1946 Radio rede E. Karst Jr

 

Langzamerhand verkreeg de Schoonebeeker  grondeigenaar (het zij klein of groot) hierin een ander inzicht, toen begon te blijken, dat het aantal boringen in de naaste toekomst de verwachting verre overtrof. Dit laat zich zeer goed begrijpen, hier en daar een terreintje van ¼ H.A. voor het bedrijf te moeten missen, is per saldo een bezwaar, 't welk te overbruggen valt, meer als een behoorlijk bedrag aan schadevergoeding ontvangen wordt; iets anders wordt dit, als op betrekkelijk veelal smalle plaatsjes (veelal een gevolg van verdeling tussen erfgenamen onderling) de èène boortoren na de andere verrijst en waarvoor dus de volle breedte  van het betrokken perceel moet worden beschikbaar gesteld. Zulke kleine bedrijven, waar­bij de hoeveelheid groenland in overeenstemming is met het bouwland, zijn gedoemd te gronde te gaan, omdat verstoring van het evenwicht tussen groen en bouwland het bedrijfje als zodanig geen mogelijkheid biedt de balans in evenwicht te houden.

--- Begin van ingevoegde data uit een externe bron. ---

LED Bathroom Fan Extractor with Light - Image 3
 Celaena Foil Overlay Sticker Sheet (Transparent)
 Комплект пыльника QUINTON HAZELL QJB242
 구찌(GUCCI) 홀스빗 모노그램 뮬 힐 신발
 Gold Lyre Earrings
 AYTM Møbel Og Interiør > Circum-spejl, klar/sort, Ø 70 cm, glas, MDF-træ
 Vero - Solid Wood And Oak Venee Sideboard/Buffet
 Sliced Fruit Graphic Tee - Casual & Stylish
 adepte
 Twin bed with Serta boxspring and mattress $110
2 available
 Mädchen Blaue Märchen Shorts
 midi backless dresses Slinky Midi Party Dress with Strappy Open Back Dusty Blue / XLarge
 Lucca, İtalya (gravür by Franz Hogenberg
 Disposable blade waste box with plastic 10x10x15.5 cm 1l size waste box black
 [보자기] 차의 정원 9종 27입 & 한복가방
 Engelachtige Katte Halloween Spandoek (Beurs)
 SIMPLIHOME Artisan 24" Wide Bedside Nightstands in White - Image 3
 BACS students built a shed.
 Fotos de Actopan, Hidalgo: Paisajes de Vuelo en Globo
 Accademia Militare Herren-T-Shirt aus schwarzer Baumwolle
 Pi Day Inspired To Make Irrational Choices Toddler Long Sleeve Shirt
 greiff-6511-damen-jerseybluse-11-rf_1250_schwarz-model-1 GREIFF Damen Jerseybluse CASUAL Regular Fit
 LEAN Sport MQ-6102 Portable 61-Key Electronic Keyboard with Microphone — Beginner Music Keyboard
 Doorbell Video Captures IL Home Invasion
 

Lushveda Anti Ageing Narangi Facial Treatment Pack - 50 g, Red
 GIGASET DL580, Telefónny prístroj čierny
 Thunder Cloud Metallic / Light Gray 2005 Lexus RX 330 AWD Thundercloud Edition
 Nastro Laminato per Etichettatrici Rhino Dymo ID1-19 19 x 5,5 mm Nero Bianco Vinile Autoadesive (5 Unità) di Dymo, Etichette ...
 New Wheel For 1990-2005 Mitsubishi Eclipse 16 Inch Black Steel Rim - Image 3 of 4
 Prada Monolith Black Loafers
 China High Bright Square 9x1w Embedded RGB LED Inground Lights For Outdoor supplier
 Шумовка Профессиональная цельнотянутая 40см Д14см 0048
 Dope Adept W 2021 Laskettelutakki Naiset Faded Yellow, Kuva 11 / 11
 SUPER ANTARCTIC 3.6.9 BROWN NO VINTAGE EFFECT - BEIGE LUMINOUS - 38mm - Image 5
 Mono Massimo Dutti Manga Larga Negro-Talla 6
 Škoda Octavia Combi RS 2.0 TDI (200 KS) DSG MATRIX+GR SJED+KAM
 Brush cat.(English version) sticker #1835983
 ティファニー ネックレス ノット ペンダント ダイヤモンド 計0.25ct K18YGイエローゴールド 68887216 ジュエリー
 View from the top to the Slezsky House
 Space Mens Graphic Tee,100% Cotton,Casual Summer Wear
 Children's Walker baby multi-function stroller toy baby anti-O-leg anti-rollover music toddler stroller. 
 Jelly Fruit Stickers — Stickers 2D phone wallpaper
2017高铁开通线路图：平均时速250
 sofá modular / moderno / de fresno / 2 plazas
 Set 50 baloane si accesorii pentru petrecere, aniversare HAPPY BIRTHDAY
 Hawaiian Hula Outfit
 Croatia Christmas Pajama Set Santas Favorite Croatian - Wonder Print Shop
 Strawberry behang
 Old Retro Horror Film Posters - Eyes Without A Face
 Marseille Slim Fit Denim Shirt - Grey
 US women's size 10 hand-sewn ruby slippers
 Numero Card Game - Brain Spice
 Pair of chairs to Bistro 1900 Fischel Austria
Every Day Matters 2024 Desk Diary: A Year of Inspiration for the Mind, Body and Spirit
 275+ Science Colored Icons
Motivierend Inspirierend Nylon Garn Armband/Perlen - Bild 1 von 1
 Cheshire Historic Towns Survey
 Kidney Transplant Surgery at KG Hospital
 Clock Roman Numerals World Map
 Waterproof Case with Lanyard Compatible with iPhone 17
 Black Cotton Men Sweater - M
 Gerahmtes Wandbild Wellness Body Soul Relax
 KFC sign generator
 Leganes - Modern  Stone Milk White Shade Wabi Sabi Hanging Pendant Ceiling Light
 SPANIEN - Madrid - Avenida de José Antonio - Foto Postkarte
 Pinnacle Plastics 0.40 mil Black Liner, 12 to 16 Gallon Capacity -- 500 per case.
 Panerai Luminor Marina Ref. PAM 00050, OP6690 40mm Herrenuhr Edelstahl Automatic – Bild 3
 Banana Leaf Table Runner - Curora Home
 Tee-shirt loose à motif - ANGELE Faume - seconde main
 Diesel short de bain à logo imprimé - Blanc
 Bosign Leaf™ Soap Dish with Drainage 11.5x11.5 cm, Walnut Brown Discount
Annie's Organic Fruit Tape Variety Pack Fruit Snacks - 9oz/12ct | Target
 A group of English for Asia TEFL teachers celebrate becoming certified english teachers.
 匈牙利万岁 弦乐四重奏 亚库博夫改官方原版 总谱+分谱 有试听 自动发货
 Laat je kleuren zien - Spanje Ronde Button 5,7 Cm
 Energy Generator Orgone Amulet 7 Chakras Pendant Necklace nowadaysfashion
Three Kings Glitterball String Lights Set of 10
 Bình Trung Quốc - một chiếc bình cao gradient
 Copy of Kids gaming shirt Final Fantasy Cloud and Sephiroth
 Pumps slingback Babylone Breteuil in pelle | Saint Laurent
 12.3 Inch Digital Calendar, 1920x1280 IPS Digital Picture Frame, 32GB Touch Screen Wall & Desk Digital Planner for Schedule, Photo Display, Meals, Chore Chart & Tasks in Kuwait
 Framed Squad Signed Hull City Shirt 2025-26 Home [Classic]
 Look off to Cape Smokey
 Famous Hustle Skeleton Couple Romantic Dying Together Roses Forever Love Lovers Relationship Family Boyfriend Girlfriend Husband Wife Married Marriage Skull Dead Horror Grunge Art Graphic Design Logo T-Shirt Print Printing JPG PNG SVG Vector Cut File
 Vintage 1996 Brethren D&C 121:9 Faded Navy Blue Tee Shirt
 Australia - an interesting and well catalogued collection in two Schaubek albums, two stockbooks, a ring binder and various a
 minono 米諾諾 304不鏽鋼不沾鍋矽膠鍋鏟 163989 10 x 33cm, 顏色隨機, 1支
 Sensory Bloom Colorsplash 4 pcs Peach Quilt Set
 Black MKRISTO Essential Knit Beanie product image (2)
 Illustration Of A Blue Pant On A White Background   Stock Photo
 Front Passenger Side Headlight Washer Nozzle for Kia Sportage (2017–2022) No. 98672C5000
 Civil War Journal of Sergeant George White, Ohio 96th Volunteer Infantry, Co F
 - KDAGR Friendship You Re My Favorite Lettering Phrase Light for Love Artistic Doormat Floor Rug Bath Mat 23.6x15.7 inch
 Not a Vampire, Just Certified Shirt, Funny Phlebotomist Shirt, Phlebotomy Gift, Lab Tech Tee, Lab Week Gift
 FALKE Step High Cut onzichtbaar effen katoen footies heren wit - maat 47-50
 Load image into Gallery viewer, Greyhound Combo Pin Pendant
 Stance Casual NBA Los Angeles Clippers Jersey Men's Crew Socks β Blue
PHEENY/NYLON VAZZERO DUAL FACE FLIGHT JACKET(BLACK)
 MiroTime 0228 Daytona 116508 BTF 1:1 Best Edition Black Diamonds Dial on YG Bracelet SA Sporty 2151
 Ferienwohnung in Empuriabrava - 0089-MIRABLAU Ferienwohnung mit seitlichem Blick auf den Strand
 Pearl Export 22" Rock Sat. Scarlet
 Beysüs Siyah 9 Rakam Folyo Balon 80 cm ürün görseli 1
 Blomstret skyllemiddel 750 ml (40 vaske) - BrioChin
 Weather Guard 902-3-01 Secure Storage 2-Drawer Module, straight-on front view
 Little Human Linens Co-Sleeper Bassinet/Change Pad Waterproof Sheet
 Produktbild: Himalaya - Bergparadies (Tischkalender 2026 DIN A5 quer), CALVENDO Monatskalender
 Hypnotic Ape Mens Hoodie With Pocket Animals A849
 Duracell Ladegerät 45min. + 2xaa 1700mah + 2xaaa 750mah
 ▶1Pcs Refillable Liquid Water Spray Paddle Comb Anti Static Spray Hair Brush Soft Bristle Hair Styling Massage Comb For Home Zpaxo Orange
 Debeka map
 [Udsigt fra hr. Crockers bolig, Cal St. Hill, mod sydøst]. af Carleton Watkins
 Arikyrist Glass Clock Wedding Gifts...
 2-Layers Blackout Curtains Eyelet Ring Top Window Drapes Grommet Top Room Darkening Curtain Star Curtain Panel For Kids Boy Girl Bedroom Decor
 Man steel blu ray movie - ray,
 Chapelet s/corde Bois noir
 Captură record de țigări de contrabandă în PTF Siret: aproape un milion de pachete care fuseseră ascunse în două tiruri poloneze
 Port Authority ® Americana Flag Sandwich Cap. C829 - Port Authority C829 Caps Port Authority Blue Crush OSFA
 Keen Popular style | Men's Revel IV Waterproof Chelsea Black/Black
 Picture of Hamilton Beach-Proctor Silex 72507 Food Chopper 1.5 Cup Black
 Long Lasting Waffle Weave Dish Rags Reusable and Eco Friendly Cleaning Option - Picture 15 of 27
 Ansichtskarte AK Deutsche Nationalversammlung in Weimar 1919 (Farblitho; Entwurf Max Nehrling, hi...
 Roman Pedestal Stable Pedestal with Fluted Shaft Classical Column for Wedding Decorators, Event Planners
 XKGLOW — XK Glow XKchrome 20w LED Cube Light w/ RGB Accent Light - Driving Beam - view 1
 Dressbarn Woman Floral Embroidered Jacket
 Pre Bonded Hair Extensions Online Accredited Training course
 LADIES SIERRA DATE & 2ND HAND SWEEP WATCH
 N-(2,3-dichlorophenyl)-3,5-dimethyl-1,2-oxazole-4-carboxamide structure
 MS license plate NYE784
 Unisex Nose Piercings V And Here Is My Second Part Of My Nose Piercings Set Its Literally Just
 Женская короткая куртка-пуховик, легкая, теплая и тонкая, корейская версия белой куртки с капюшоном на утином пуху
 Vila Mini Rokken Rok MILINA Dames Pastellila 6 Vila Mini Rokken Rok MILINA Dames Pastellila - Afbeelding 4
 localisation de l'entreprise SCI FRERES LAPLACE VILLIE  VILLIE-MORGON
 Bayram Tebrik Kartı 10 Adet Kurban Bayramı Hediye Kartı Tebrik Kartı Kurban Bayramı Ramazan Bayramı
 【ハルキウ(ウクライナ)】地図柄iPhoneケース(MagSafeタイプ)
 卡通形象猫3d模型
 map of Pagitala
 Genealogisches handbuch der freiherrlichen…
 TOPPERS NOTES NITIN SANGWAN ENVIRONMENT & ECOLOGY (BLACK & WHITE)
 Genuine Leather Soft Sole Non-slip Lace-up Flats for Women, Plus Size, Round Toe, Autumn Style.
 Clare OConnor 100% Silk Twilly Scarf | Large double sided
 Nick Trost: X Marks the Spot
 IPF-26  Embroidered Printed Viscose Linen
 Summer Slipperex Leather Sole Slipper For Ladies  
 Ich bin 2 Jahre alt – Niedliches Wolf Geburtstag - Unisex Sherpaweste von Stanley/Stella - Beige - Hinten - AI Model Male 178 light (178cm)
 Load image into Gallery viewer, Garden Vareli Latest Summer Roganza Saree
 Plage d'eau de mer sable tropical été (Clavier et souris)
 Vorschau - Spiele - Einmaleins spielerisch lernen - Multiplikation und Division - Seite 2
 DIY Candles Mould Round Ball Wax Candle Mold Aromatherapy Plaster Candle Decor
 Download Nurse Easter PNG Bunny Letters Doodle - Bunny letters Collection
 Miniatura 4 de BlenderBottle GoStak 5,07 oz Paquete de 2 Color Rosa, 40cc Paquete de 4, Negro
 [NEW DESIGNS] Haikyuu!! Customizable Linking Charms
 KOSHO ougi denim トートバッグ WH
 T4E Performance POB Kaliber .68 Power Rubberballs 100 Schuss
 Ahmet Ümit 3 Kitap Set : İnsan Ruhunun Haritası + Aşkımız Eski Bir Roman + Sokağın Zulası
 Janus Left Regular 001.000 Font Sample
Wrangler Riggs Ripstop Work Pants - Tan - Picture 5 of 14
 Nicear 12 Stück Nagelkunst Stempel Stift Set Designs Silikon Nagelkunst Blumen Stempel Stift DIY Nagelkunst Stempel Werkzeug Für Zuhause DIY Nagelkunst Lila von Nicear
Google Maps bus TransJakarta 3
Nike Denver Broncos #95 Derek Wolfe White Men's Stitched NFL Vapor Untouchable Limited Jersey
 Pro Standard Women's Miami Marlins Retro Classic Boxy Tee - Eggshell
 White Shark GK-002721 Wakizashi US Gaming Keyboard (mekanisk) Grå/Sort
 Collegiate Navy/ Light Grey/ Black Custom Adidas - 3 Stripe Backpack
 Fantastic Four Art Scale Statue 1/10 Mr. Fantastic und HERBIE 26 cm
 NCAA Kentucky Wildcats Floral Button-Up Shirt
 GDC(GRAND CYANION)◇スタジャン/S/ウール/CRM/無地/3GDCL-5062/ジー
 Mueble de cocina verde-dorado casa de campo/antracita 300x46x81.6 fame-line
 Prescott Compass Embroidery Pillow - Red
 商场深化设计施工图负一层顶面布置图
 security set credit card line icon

Uit de aard der zaak is ook de Schoonebeeker bevolking uit verschillende groepen samengesteld en het ligt derhalve voor de hand, dat deze groepen, die zeer verschillende directe belangen hebben, over de vestiging der  B.P.M. niet gelijk denken. Dit zij bij onze verdere beschouwing voorop gesteld.

Allereerst dient dan naar onze mening de vraag te worden beantwoord, welk standpunt de Schoonebeeker boer ten opzichte van de aan de orde zijnde kwestie inneemt. Deze is immers in de eerste plaats ten nauwste door verschillende factoren bij de  B.P.M. actie betrokken.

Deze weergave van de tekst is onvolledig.